Segment Open

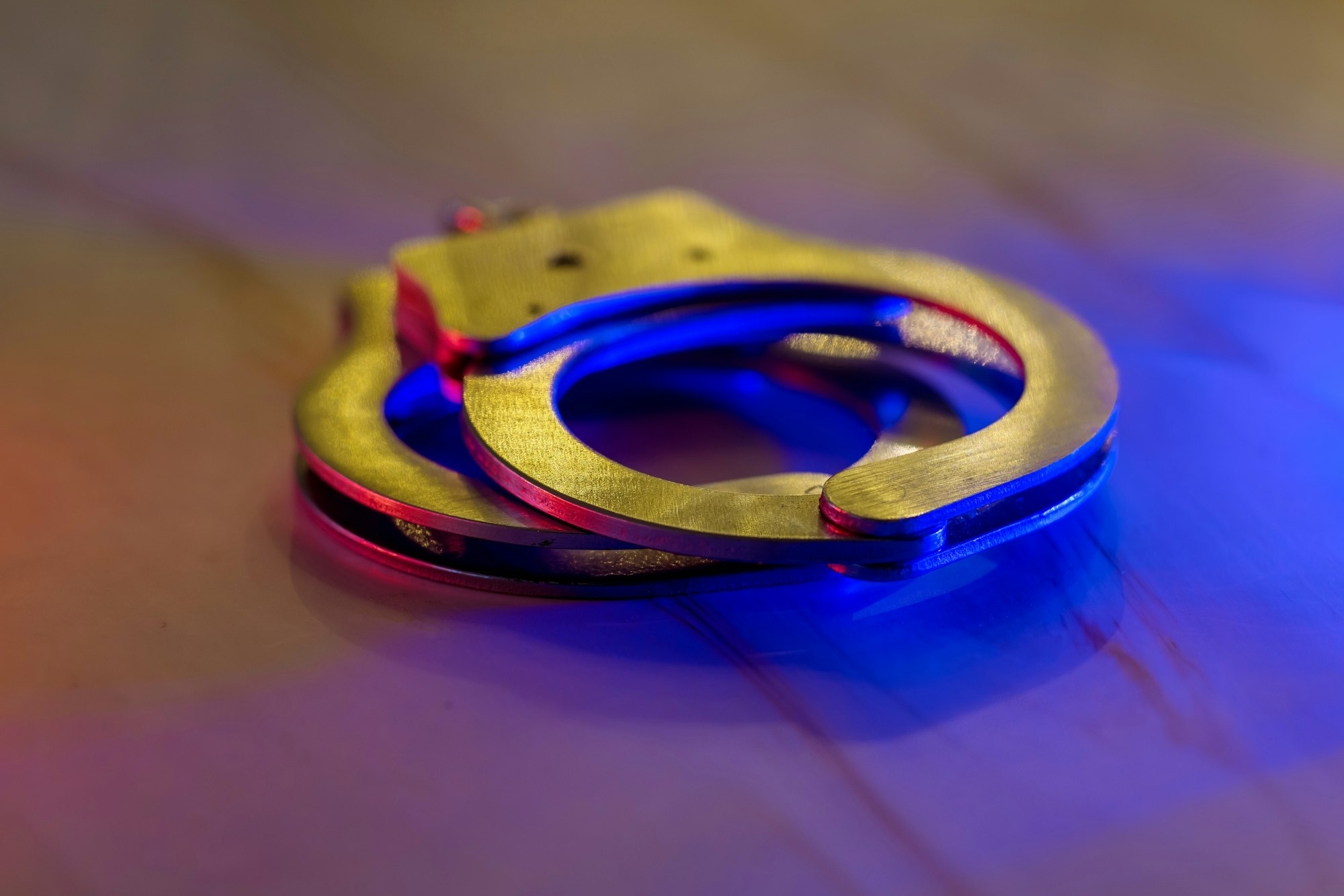 Flashing red and blue police lights of handcuffs police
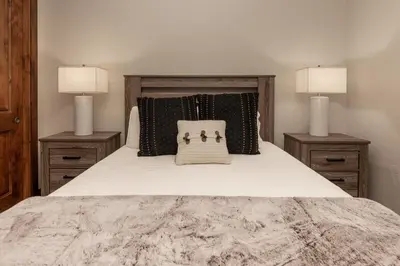 a bedroom with a large bed with two night stands at Iron Horse Manor home in Winter Park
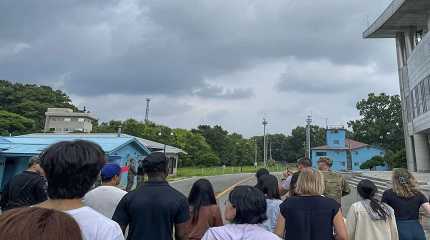 tourists stand near a border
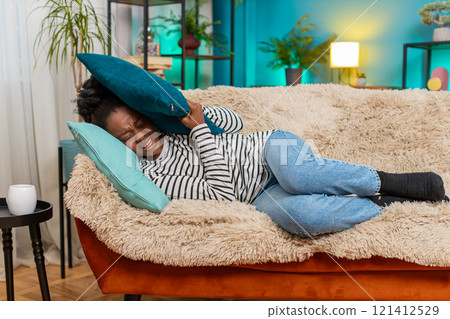 African American woman lying on sofa closing eyes covering face with pillow feeling migraine pain 121412529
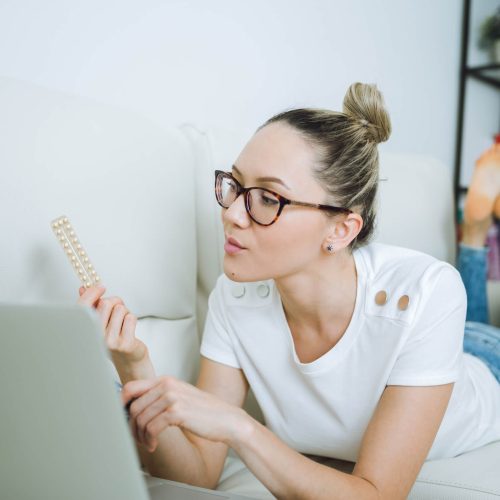 A woman wearing glasses lies on a couch, looking at a pack of pills in one hand while using a laptop with the other hand.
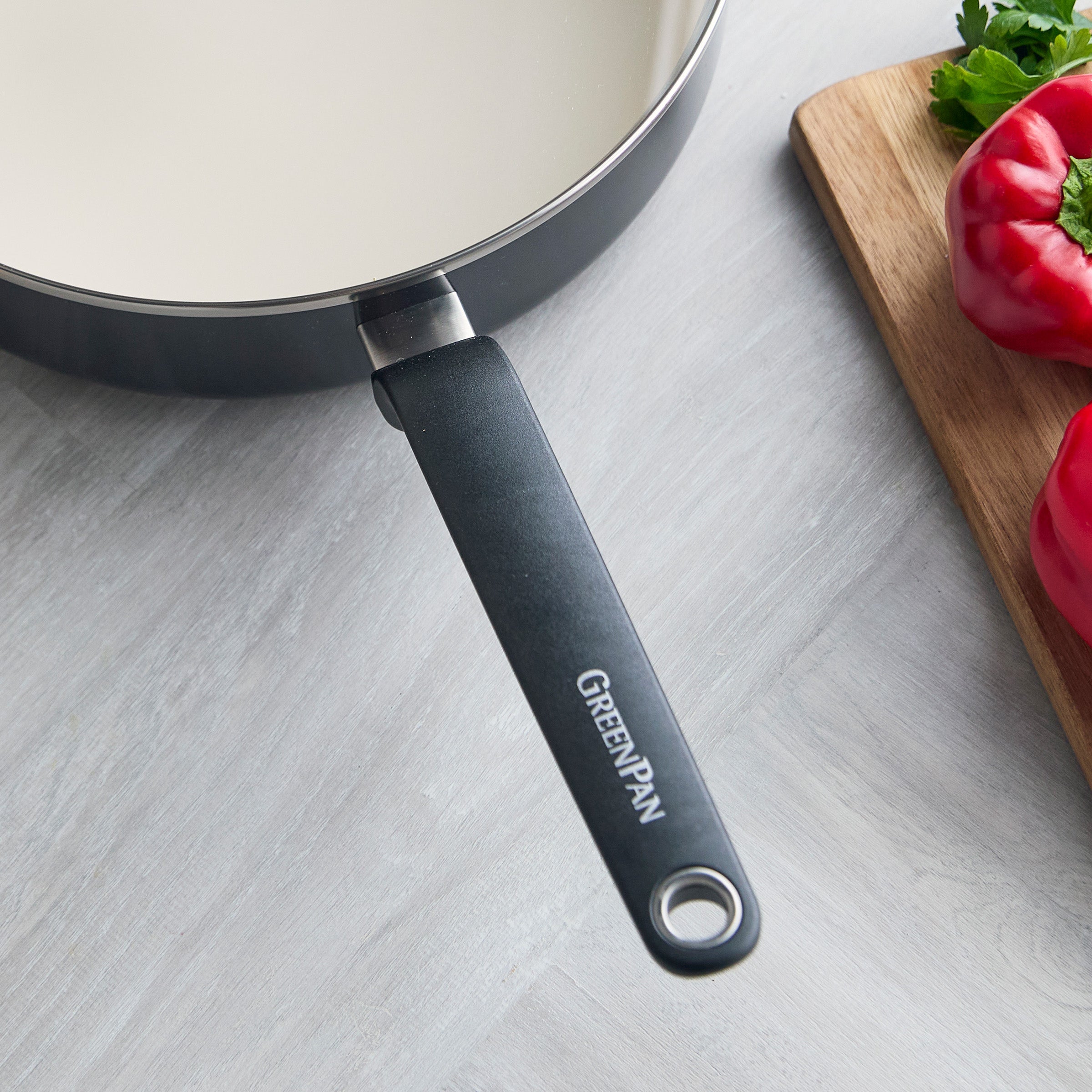 Black 5-quart ceramic nonstick sauté pan with lid on a light counter, next to a board holding peppers and parsley.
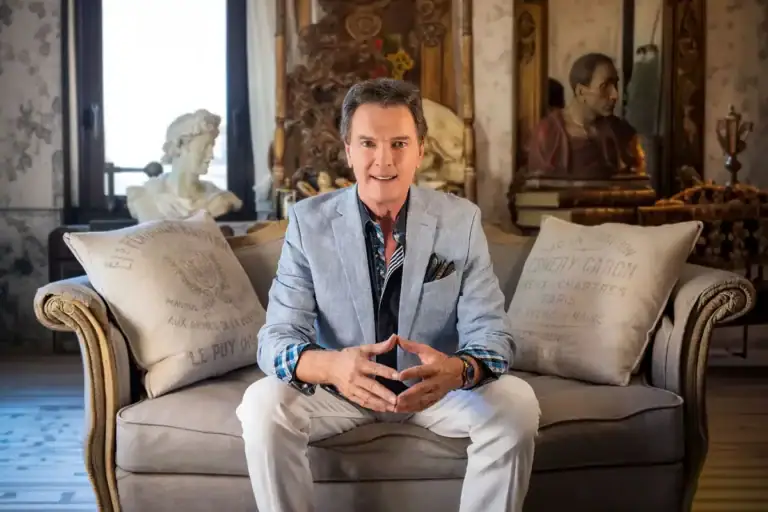 Man in a light gray blazer sits on a beige sofa, hands clasped, facing the camera in a vintage-filled living room.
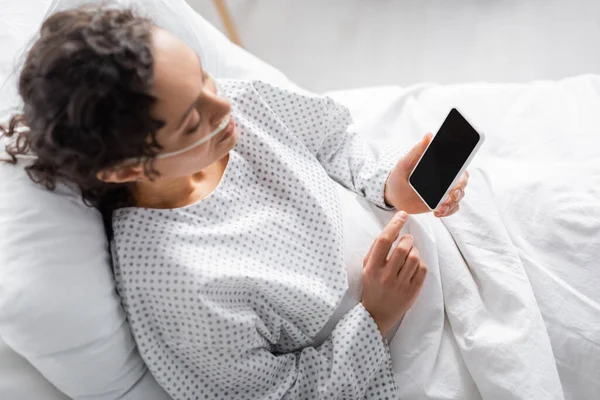 Vista aerea della donna afro-americana malata che tiene lo smartphone con schermo bianco in clinica — Foto stock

Segment Closed

▸ YOUR INSTRUCTIONS
Begin at the top of the records above and retype each line exactly until the line containing "Black 5-quart ceramic", which is included. Skip all pictures.

▸ OUTPUT BELOW
 Flashing red and blue police lights of handcuffs police
 a bedroom with a large bed with two night stands at Iron Horse Manor home in Winter Park
 tourists stand near a border
 African American woman lying on sofa closing eyes covering face with pillow feeling migraine pain 121412529
 A woman wearing glasses lies on a couch, looking at a pack of pills in one hand while using a laptop with the other hand.
 Black 5-quart ceramic nonstick sauté pan with lid on a light counter, next to a board holding peppers and parsley.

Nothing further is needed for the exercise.